Michael Bloomberg's anti-soda crusade could have gone global.
Last year, when then-World Bank president Robert Zoellick decided to step down, President Obama’s chief of staff asked the New York City mayor if he wanted the job, New York reports. Bloomberg reportedly turned down the position, one traditionally picked by the president, because he "did not want to have a boss, and he’d already begun to retool his life for his post-mayoralty."
Bloomberg is just one of many prominent names rumored to have been considered for the post. Before Obama eventually handed the post to former Dartmouth President Jim Yong Kim -- an obscure choice that surprised some -- other potential candidates included more prominent public names like Larry Summers and Hillary Clinton.

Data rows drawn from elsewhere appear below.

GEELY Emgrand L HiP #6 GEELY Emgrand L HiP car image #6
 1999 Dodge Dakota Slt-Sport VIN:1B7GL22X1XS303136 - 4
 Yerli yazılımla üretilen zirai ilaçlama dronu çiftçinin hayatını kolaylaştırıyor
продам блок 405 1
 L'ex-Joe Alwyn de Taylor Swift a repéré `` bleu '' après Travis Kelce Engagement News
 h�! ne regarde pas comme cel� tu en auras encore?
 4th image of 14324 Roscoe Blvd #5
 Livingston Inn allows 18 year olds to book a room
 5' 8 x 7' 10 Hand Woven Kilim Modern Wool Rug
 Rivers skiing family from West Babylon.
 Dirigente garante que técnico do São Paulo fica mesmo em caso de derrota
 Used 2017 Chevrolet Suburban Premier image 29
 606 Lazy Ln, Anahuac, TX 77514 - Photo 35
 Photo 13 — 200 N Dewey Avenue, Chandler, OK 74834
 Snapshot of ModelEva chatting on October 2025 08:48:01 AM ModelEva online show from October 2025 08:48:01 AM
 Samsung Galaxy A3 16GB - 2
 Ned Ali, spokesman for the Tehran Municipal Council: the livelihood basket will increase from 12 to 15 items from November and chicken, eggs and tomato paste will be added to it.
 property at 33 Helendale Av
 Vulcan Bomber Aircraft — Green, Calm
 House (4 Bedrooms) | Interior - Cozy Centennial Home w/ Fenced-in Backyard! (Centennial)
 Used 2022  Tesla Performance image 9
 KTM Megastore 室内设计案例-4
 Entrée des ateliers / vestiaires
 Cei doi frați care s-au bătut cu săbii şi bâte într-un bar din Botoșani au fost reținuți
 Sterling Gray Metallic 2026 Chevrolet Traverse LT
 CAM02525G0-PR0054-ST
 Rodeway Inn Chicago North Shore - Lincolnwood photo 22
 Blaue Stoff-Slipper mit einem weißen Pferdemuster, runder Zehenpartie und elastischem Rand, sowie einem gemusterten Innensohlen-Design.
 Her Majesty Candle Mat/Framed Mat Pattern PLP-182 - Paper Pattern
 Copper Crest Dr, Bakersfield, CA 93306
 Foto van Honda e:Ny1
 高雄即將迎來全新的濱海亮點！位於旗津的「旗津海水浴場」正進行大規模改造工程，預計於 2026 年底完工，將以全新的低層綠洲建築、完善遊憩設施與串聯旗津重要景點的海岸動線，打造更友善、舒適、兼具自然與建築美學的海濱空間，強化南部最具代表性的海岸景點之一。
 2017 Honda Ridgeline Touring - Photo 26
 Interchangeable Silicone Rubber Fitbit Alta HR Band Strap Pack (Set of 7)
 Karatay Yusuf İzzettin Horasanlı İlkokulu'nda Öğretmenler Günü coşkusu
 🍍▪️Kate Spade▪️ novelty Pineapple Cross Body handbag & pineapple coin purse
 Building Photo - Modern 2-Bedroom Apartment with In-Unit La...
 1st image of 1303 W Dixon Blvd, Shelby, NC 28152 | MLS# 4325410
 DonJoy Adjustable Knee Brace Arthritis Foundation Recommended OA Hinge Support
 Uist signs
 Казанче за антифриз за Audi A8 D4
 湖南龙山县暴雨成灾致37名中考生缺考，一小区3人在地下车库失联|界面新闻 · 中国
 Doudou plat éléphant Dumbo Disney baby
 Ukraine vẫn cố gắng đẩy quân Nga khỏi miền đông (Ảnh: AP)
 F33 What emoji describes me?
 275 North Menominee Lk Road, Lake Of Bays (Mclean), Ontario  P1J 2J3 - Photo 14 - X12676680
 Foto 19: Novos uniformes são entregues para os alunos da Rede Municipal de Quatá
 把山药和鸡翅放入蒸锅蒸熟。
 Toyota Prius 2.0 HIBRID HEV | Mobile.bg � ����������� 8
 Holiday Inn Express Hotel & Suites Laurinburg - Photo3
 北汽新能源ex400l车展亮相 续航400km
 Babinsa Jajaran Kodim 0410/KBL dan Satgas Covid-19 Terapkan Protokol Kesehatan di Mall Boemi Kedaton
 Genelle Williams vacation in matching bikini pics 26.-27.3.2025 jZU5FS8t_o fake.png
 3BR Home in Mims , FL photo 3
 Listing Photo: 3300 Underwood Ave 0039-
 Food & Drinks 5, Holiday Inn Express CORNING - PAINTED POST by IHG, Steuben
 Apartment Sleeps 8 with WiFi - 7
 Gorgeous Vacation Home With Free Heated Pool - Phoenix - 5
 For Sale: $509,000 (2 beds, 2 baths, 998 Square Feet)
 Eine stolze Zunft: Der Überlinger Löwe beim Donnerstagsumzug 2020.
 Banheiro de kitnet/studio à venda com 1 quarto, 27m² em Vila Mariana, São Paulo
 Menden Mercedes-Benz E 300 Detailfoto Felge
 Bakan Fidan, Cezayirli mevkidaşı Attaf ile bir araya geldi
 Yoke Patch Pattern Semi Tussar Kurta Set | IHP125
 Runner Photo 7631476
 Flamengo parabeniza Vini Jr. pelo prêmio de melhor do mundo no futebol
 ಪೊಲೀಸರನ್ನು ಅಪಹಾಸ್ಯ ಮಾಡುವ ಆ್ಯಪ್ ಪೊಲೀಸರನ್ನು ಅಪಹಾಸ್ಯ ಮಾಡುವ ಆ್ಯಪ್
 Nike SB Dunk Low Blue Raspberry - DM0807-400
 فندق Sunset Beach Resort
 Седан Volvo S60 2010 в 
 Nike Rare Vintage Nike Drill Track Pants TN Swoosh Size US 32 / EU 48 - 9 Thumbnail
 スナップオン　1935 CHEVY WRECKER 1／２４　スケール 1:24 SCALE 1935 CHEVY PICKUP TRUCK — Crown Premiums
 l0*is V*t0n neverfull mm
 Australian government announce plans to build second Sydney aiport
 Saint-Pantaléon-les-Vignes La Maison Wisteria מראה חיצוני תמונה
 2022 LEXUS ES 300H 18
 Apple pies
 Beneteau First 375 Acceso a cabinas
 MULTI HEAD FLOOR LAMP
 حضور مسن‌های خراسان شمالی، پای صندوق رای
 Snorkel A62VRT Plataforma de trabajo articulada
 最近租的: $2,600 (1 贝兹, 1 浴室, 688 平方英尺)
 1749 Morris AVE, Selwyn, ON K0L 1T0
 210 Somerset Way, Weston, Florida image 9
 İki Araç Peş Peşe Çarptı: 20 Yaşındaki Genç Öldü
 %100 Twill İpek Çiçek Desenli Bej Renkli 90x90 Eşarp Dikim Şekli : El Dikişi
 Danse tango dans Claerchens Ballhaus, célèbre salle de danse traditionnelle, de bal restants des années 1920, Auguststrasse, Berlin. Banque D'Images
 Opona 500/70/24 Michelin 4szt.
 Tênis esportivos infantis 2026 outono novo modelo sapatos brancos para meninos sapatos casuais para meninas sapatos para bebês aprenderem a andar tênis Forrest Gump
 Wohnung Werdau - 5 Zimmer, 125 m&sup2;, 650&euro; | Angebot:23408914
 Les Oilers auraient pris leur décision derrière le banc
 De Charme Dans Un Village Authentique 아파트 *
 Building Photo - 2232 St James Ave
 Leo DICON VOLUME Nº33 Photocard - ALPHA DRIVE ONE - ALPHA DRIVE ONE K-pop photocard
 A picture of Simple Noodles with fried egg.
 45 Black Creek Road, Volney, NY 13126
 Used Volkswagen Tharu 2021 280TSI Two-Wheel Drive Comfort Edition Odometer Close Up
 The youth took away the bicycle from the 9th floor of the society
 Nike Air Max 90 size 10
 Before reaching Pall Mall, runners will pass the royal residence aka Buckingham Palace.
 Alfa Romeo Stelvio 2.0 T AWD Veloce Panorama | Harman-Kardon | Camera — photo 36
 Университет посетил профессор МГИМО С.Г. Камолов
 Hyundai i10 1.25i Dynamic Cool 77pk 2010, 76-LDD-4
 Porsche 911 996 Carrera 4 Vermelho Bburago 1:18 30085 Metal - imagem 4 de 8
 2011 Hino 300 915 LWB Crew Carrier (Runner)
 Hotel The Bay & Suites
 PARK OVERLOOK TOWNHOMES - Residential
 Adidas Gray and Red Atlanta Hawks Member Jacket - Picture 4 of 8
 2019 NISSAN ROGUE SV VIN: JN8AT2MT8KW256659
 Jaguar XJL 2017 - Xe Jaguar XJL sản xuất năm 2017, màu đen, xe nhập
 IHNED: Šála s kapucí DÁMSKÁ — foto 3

Bloomberg’s staff has already previously acknowledged that the mayor had been in touch with the White House about the job, according to The New York Times. The New York report more conclusively identifies the intermediaries.
"He's not interested in the job," Bloomberg spokesman Stu Loeser said at the time, according to the NYT. "[H]e’s told people who have reached out as intermediaries that he already has the best job in the world."
Another possible move for Bloomberg post-mayorship? Buying more media properties. The billionaire, whose Bloomberg LP owns Bloomberg News, Businessweek and other smaller media companies, may be considering buying the Financial Times, according to the New York piece. People have also floated his name as a possible savior for the sometimes-struggling NYT, rumors the mayor has repeatedly shot down.